What immediately catches my ear on this Bad Bunny smash hit (from his 2026 Grammy Album Of The Year Debí Tirar Más Fotos) is the variety of featured delay and reverb effects. I liked the interplay between the two main delay spins, for instance. The first appears at 0:25 (after the word “van”), 0:30 (“dan), 0:32 (“dan”), and then again later at 2:40 (“choco”), and features a tempo-related quarter-note delay time with heavy filtering to favour a low-midrange region around 500Hz. The second, at 0:49 (“oy”) and 1:05 (“esparatá”), by contrast adopts a resolutely unsynced delay time of around 280ms and a filter profile that gives it a brighter tone centred roughly an octave higher around 1-2kHz. Without this variety of tempo relation and echo tone, I think the delay-spin concept might have felt a bit threadbare by the end of the song, so it’s a very efficient way of getting extra value out of a single fundamental production trick. I was also impressed at the musical sensitivity behind the decision not to put the tempo-related delay spin on the word “volver” at 0:34, where there’s just as much room for one as there was after the previous “van” and “dan” phrase-endings, because doing so leaves a kind of unresolved-expectation ‘gap’ that’s beautifully filled by the return of the song’s opening electric piano-style melodic riff.

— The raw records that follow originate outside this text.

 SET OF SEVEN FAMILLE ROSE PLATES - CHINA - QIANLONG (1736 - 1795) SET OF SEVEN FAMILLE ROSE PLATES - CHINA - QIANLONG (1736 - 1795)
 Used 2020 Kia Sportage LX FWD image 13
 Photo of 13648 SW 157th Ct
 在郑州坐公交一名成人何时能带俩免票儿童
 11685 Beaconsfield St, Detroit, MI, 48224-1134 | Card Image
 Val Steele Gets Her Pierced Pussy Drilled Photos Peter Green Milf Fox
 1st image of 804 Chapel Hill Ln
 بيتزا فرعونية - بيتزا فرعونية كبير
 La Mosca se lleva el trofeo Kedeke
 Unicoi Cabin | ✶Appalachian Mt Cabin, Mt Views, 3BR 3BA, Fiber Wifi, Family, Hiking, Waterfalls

And, speaking of that riff, it also provides one of my favourite reverb effects in this production: an understated, cloudy-toned effect tail that nonetheless provides a subtle rhythmic ‘bounce’ that really lifts the part. I’d guess that this has been achieved either by preceding the reverb with an eighth-note delay, but it might also simply be an equivalent reverb predelay of around 250ms. The main lead-vocal reverb is also noteworthy for its comparative brightness, such that it becomes more of an overt feature of the vocal sound. Despite its brightness, though, it’s in no way ‘hissy’ and doesn’t ricochet off the consonants in the way the bright reverbs of the 80s often did, so I’m assuming that there’s some heavy de-essing on the reverb send in this case. And, again, the musical ‘value’ of this effect is boosted, this time by virtue of effect-level changes such as the abrupt reverb-tail cut-off at 0:48, the (less common) dramatic reverb-level riser at 1:38-1:41, and the contrast between the wetter, more expansive sound of the lead vocal’s primary reverb, and the drier, more naturalistic ambience presentation during the group-vocal section at 1:41-1:54.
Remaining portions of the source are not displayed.